Reduci dall’esperienza recente di MXGP 2, sempre di casa Milestone, dobbiamo dire che la nostra prima corsa su questo particolare circuito non è andata poi così male, e per alcuni istanti siamo perfino riusciti a fare qualche testa a testa con Rossi e con Cairoli, uno dei protagonisti nel titolo di motocross appena citato.
La modalità principale sarà ovviamente la Carriera. Come in alcuni titoli precedenti, al suo interno sarà possibile creare un proprio pilota, ma con una differenza questa volta. Il nostro provetto campione, avrà delle proprie statistiche, legate per esempio alla sua abilità nel frenare, nel percorrere una curva, o nella semplice gestione del gas. Alla fine di ogni gara/evento, il pilota guadagnerà esperienza, questa convoglierà in alcune delle sue caratteristiche, facendole salire di livello una volta raggiunta la giusta quantità.

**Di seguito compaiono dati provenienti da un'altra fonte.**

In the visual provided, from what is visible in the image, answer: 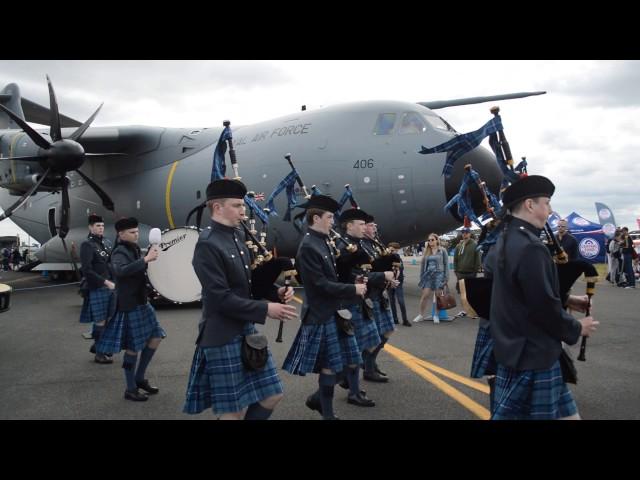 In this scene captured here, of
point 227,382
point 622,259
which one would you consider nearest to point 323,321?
point 227,382

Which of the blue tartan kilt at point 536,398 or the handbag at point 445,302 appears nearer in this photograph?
the blue tartan kilt at point 536,398

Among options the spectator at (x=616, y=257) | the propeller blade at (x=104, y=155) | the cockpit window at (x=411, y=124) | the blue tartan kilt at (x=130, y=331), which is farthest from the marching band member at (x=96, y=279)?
the spectator at (x=616, y=257)

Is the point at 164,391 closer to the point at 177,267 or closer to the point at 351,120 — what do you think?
the point at 177,267

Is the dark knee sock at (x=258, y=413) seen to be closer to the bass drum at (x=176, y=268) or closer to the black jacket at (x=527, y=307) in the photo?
the black jacket at (x=527, y=307)

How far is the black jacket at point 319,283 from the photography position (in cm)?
404

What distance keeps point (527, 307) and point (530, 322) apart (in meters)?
0.10

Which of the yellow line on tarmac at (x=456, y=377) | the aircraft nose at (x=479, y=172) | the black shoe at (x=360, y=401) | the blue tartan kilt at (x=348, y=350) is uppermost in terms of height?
the aircraft nose at (x=479, y=172)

A queste poi, vanno aggiunti anche dei veri e propri perk, che verranno sbloccati nel corso del partita soddisfacendo le giuste condizioni. Una gestione del “personaggio” che quindi si avvicina ad un sistema gidierristico, già utilizzata in altri titoli sportivi, ma che potrebbe dare quella novità e quella marcia in più ad un brand già profondamente valido.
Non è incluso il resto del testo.